A glum, low-concept, diffusely plotted procedural that’s much more disturbing scene by scene than as the rather lumpy whole...

Dahl, content to go by his initials in the English translations of his earlier Norwegian procedurals (Lethal Investments, as K.O. Dahl, 2012, etc.), unfurls his full name in signing his seventh.

If only Inspector Frank Frølich enjoyed the same success with women that he does in his job on the Violent Crimes and Sexual Offenses squad of the Oslo Police. As it is, the man is as poisonous to women as they are to him. When he goes to the 40th birthday party of sewage engineer Karl Anders Fransgård, his happiness at meeting his old classmate’s fiancee is seriously muted by the fact that he’d just arrested Veronika Undset for cocaine possession the night before. Frølich is frustrated as well as taken aback, because he’d pulled in Veronika only as a way to put pressure on her to talk about her meeting with her own classmate Kadir Zahid, a person of interest. The attempt failed, and Veronika walked out of jail in plenty of time to attend her fiance’s party and then get murdered in an exceptionally brutal manner that casts suspicion on none other than Karl Anders. Her death puts the skids on whatever romantic relationship Frølich may have sought with her friend Janne Smith, the come-hither accountant who sat with him at the birthday party.
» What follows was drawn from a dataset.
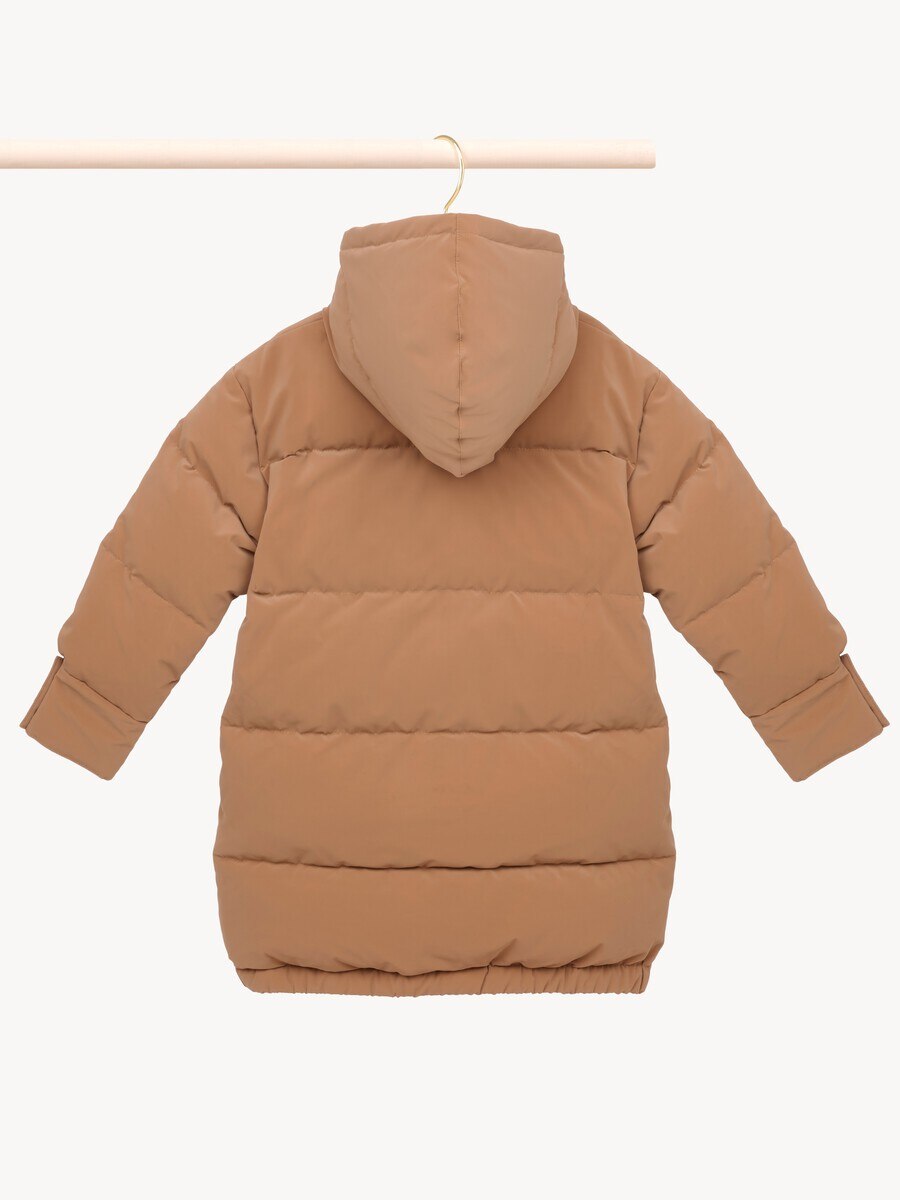 Lange Steppjacke f&uuml;r Kinder - 3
Instead of making time with her, Frølich ends up joining his colleagues in nosing out possible links between Veronika’s murder and the disappearance of recently arrived Ugandan student Rosalind M’Taya; the death of Signe Strand, killed in similar fashion in 2006; and the much more recent murder of Sivert Almeli, a librarian who was evidently stalking and photographing Veronika with her knowledge and consent.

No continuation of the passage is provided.